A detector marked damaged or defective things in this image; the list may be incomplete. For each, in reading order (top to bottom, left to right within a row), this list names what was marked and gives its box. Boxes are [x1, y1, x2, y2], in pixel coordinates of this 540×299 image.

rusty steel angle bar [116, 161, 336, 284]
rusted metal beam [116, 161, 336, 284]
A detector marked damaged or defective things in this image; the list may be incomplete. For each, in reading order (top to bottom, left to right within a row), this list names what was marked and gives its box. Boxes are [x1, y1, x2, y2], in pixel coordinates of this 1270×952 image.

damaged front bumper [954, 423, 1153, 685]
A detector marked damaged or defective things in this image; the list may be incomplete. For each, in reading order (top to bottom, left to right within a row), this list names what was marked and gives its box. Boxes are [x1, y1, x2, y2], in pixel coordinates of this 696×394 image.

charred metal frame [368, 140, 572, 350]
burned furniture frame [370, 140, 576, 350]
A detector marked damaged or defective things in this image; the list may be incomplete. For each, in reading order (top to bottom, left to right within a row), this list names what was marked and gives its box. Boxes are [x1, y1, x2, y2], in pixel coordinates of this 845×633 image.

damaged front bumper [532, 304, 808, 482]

| PROBLEM DETAILS |
Set down the line that contains "this 845×633 image." exactly. Do the same for each later line of the data, through the end, and add nothing.

| RESPONSE AREA |
A detector marked damaged or defective things in this image; the list may be incomplete. For each, in reading order (top to bottom, left to right within a row), this list names what was marked and gives its box. Boxes are [x1, y1, x2, y2], in pixel coordinates of this 845×633 image.

damaged front bumper [532, 304, 808, 482]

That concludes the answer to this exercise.